The design of your office space isn’t just about showing off to visitors. According to Debbie McCann, principal of Vocon, the way an office is set up is a key in attracting and keeping employees.
McCann and another person started Vocon in 1988 as an interior architecture firm. Since then, it has expanded into all facets of architecture and design, and has grown to 51 employees.
“It’s hard to get employees, and it’s hard to retain employees,” McCann says. “So what we are saying to folks is, ‘Your lease is coming due in a year-and-a-half. You need to look at ways to create more of a brand for your company, as opposed to just building office space, and create a culture that helps you attract and retain employees.’
“It’s not limited to just the young folks anymore. Everybody is looking for a culture that promotes the team.”
One idea for improving an office setting is to have a caf instead of a traditional lunch room, McCann says.
“You wouldn’t believe how many people say, ‘I don’t want a caf. It’s not productive,’” she says. “Yes, it is productive. Your folks aren’t walking downstairs or next door or over two blocks to get a cup of coffee. They actually feel that they have gone to a space different than their office, which is 30 seconds from where they sit.

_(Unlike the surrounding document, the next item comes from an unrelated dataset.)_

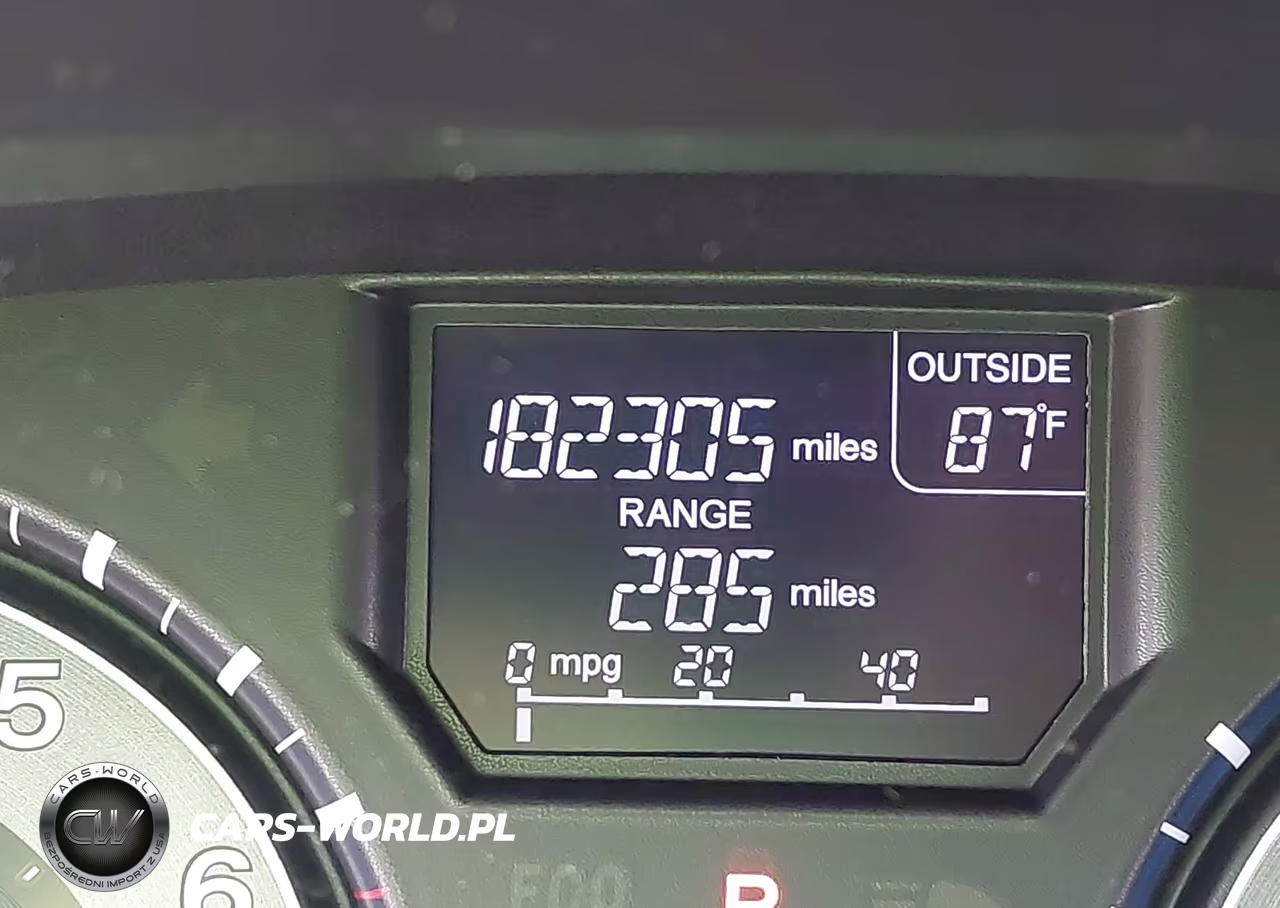 2011 Honda Odyssey Ex-L VIN:5FNRL5H60BB097984 - 15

They can actually sit down in that space.”
McCann said Vocon’s caf helps foster relationships.
“I don’t have a door on my office and I am 25 feet from our caf,” she says. “People ask, ‘Isn’t it bothersome that folks are sitting there all day long chatting and talking?’
“It isn’t. If I see someone I need to talk to, they are right there. And it promotes that whole feeling of team and openness within an organization.
“We have meetings in our caf. We don’t just use it for lunch. All day long, when I need to talk to somebody, I’ll walk right out there, they’ll grab a Diet Coke and you sit down and you can really get to know somebody in a more casual environment than locking yourself into a traditional conference room.”
The wrong office set-up can hinder communications among employees.
“That means no cross-marketing is going on,” she says. “You may have a client that’s come to you for PR, but that PR team isn’t saying, ‘By the way, we can do your advertising.’ By changing the culture, you also promote more collaboration, promote cross-marketing, which in today’s market is critical.”
But McCann warns that no matter how good your intentions, there will still be someone complaining.
“When you are trying to change or alter culture in any environment, there’s always a level of stress because you’re never going to be able to satisfy everybody,” McCann says. “Part of our job is to find that zone where you to try to listen to everyone and come up with a solution that touches the masses.
“You’ll never please everybody, but, in general, you try to push an organization as far as you can without upsetting their core business.”